10. Process according to claim 1, wherein the product obtained in step d) or e) is subjected to a post treatment with a reducing agent.
11. Nanostructured metal oxide obtained by the process of claim 1.
12. A process comprising conducting a catalyzed chemical reaction in the presence of a catalyst, wherein the catalyst or a carrier for a metal catalytically active in the chemical reaction is the nanostructured metal oxide according to claim 11.

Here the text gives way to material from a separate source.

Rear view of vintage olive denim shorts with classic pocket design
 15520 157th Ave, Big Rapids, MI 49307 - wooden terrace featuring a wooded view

13. A process comprising oxidizing water in the presence of a catalyst, wherein the catalyst is the nanostructured metal oxide according to claim 11.
14. Process for enhancing the activity of a nanostructured metal oxide as electrocatalyst for water oxidation, said process comprising subjecting a nanostructured metal oxide according to claim 11 to a cyclic voltammetry in an alkaline electrolyte.
15. Process according to claim 14, wherein the nanostructured metal oxide is a Ni—Co based nanostructured metal oxide electrocatalyst.